JWatts January 27, 2012 at 3:22 pm

“Whoever’s left to think about it in 100 years, on their tropical plantations in Nunavut and Tierra del Fuego, will wonder at the ostrichlike insistence of today’s populace that we can ignore all of the scientific knowledge of the consequences of pumping CO2 into the air. The basic facts have been known for over a century.”

This shows a really poor understanding of the science. You’ve been watching too many Hollywood movies.

Foster Boondoggle January 27, 2012 at 3:53 pm

JWatts, is this you: http://en.wikipedia.org/wiki/James_G._Watt?

How’s that rapture thing working out?

msgkings January 27, 2012 at 4:40 pm

Not taking a side here, but I loved being reminded of all the ridiculousness of Secretary Watt. Like, if you put him in a movie as some kind of villain you’d be laughed at for such a preposterous caricature.

More evidence backing my quixotic desire for IQ minimums for high level federal officials (and voters).

The Other Jim January 27, 2012 at 8:20 pm

“More evidence backing my quixotic desire for IQ minimums for high level federal officials (and voters).”

That would be shot down as racist.
And I wish I was kidding.

Willitts January 28, 2012 at 3:30 am

I will take my chances with the consequences of global warming over the machinations of global socialists. Humans survived an ice age, I’m sure we will survive a tropical heat wave. We won’t survive letting people like you being in charge.

No, you are definitely not a lawyer. Restrictions on interstate commerce are illegal. This doesn’t create a “level playing field.” It imposes a ridiculous restriction on operations within one state on operations in another. It is economically identical to imposing a tax on goods imported from another state.

Roy January 28, 2012 at 8:41 am

You’ve got to be kidding, it is ignorant buffoons like you that are the reason so many people deny global warming has already happened. There is no basis for tropical climes in Nunavut or Tierra del Fuego, and even James Hanson and Michael Mann will agree with me on this.
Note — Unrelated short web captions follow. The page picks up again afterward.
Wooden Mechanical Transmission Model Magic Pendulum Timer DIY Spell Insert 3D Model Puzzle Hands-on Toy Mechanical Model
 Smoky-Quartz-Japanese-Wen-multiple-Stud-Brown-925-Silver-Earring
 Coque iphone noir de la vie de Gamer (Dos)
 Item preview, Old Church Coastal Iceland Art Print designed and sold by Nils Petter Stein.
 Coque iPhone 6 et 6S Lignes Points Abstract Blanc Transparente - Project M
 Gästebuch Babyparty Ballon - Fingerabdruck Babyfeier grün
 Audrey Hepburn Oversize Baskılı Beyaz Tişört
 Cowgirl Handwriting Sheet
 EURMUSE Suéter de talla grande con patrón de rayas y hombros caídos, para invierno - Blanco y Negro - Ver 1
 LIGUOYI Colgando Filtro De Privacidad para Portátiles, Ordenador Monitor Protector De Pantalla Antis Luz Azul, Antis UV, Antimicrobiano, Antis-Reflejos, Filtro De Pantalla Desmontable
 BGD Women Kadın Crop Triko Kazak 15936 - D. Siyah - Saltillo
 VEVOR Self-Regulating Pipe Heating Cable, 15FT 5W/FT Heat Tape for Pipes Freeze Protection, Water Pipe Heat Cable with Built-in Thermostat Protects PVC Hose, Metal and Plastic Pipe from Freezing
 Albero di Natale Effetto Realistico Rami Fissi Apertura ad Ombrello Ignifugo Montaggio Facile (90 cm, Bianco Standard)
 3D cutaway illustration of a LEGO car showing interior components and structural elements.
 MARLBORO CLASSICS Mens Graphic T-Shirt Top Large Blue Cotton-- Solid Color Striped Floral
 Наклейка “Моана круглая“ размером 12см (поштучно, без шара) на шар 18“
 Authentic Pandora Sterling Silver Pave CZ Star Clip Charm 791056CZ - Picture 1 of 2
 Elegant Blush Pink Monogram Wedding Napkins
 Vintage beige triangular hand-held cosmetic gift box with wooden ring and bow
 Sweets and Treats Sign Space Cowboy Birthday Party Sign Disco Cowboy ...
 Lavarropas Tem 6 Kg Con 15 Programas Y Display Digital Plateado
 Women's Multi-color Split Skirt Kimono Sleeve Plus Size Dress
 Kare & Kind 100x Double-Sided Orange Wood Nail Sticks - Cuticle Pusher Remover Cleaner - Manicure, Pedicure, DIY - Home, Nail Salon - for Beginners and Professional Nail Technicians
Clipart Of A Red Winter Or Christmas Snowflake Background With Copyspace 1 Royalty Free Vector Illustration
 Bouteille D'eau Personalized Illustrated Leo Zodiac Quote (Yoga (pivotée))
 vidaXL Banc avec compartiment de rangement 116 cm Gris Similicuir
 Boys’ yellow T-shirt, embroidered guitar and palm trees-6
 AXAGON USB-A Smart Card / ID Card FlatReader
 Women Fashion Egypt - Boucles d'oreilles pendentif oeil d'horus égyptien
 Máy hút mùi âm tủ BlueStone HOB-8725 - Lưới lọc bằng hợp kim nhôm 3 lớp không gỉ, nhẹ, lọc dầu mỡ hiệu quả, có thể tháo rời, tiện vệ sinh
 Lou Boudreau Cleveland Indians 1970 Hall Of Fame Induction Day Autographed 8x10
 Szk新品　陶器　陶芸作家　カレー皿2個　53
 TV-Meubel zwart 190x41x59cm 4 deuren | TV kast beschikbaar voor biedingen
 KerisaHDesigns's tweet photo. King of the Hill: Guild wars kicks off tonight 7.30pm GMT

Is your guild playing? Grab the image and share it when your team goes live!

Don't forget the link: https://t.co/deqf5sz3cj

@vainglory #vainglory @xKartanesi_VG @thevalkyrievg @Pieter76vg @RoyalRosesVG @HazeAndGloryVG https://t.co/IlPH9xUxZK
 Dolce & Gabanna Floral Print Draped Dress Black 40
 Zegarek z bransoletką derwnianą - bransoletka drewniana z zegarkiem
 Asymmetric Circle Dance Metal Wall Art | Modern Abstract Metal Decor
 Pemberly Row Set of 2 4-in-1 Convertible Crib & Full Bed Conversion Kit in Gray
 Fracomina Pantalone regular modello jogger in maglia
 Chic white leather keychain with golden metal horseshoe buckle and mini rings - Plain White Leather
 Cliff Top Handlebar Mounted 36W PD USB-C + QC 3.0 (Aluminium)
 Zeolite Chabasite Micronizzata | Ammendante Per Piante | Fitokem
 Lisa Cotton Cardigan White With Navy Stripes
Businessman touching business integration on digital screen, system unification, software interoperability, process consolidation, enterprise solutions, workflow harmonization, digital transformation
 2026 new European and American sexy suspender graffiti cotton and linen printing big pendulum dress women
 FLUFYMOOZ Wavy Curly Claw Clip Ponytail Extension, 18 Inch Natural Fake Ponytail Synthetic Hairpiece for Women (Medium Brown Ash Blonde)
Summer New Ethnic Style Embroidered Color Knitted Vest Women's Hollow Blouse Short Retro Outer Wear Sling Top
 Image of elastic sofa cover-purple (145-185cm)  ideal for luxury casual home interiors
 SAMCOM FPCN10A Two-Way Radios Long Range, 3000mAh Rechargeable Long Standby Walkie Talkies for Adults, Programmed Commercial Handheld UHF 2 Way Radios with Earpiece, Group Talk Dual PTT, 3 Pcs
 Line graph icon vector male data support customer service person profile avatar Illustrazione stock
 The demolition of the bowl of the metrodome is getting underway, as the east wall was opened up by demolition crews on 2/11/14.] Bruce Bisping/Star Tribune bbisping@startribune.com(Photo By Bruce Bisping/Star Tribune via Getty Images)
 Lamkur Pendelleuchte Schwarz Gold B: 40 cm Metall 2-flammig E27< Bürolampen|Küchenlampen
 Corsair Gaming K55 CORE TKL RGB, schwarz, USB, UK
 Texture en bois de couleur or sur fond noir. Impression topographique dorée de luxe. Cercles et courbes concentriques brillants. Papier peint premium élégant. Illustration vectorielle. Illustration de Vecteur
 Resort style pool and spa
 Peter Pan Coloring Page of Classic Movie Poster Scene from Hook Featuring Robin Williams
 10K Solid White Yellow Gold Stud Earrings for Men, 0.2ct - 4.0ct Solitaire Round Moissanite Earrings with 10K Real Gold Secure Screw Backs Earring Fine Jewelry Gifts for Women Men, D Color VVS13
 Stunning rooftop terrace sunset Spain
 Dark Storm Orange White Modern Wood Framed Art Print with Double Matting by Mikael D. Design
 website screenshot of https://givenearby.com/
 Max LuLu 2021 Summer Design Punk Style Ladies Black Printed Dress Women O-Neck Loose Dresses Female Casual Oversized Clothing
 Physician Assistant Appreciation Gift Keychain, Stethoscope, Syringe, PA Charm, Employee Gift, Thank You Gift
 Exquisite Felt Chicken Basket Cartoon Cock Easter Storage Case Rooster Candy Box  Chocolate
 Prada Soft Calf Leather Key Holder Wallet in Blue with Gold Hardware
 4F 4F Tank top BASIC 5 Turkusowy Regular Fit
You clearly know nothing about the science at all.

JorgeW January 27, 2012 at 1:49 pm

While there are many math whiz-types in the profession, Deirdre McCloskey is one of the few deep thinkers that we have in economics.
Basically she says that the profession has over-focused on models of prudence = Max U, but that models of behavior should also study the role of these other virtues.
What the article fails to mention is that this idea arises from her redescovering her Christian faith.
Also, empiricists better read one of her papers of the misuse of statistical significance.

mw January 27, 2012 at 3:08 pm
Richard Reithner January 27, 2012 at 4:22 pm

Hi Tyler, love reading your site … sorry to bother you in this forum, but I found a little problem, and MR lacks a link at the bottom to report technical issues with the website. It arose when I was trying to look at past Assorted Links posts for a specific post I wanted to find from a few months ago. I noticed they are in category Uncategorized, so I selected that category to view. The first page worked fine but when I tried to look at previous entries the link took me to marginalrevolution/page/2 instead of marginalrevolution/uncategorized/page/2. I tried typing the correct url but that didn’t work either. I thought you should know. Good luck in all things!

TGGP January 28, 2012 at 1:51 pm

#2 fails to mention Greg Clark’s competing theory of the Industrial Revolution, which McCloskey rejected in a review I found puzzling (as did Greg Clark).